As we have highlighted in the past, engagement with armed groups and their formal and informal constituencies in dialogue, including those designated as ‘terrorists’, can be an essential part of exploring, encouraging and finding alternatives to violence. It can help understand and address the underlying causes of conflict and extremism, and can strengthen moderate, pro-dialogue elements within a group. Talking does not necessarily legitimise a group or its tactics, and is not the same as negotiation. Peacebuilding organisations are uniquely positioned to complement channels of formal diplomacy.

Furthermore, as our forthcoming Accord Insight publication will show, local communities can also play vital roles in reaching out to armed groups to initiate dialogue and explore opportunities for peace. They bear the major brunt of violence and have the greatest stake in peace. While international actors feel the impact of counter-terrorism legislation, communities living in close proximity to a group are far more vulnerable, particularly to prosecution under national legislation prompted sometimes by dubious political motives.

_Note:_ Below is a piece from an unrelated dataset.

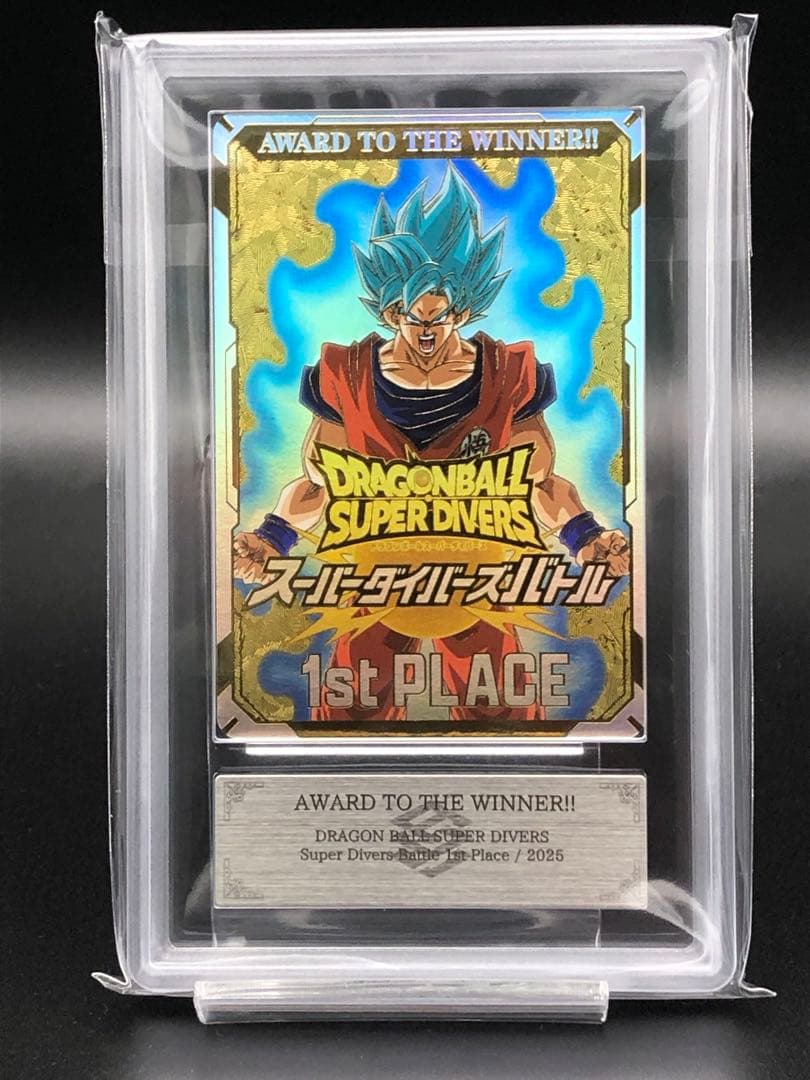 ARS10+) AWARD TO THE WINNER(優勝カード)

We are not alone in making the case for engagement. Jonathan Powell, author of Talking to Terrorists, How to end Armed Conflicts, states that ‘it is a question of when, not whether, you talk. If there is a political cause then there has to be a political solution.’ Former HM Ambassador to Kabul and UK Special Representative for Afghanistan and Pakistan, Sir Sherard Cowper-Coles, asserted in his evidence to the Foreign Affairs Committee in 2011 that ‘the central lesson I took away from my three and a half years working in and on Afghanistan is that it is a political problem that needs political treatment and a political process 
 there will be a negotiated end to this conflict, as to all conflicts.’

Unburdening peace

Disentangling dialogue and peacebuilding efforts from the web of counter-terrorism and security responses is a daunting prospect. A recommendation in the report published on 25 February by the Parliamentary Joint Committee on the Draft Protection of Charities Bill offers one starting point; the Committee acknowledged the problems caused by anti-terrorism legislation for charities working in conflict zones, and called on the Government to explore an exception on the ban on ‘indirect support’ to proscribed groups for those organisations providing humanitarian relief. BOND’s Chief Executive Ben Jackson responded with a recommendation that this exemption be extended to peace organisations.

In his most recent report in July 2014, the Independent Reviewer of Terrorism Legislation, David Anderson QC, advised that international NGOs and policymakers explore together how the objectives of anti-terrorism laws can be met ‘without unnecessarily prejudicing the ability of NGOs to deliver humanitarian aid, capacity-building and peacebuilding in parts of the world where designated groups are active.’ Along with partner organisations, we are pursuing ways to achieve this.

Building Peace in Permanent War provides new evidence of the impact of terrorist listing and points to the need for a more fundamental and honest debate on what and who it takes to secure lasting peace, and the political and legal obstacles to doing so.

By Dr. Teresa Dumasy, Head of Policy and Learning, Conciliation Resources tdumasy@c-r.org

* Boon-Kuo, L., Hayes, B., Sentas, V and Sullivan, G. (2015). Building Peace in Permanent War: Terrorist Listing & Conflict Transformation. London; Amsterdam: International State Crime Initiative; Transnational Institute. The report was funded by the Berghof Foundation and the Joseph Rowntree Charitable Trust. It is the outcome of a partnership between the International State Crime Initiative and the Transnational Institute.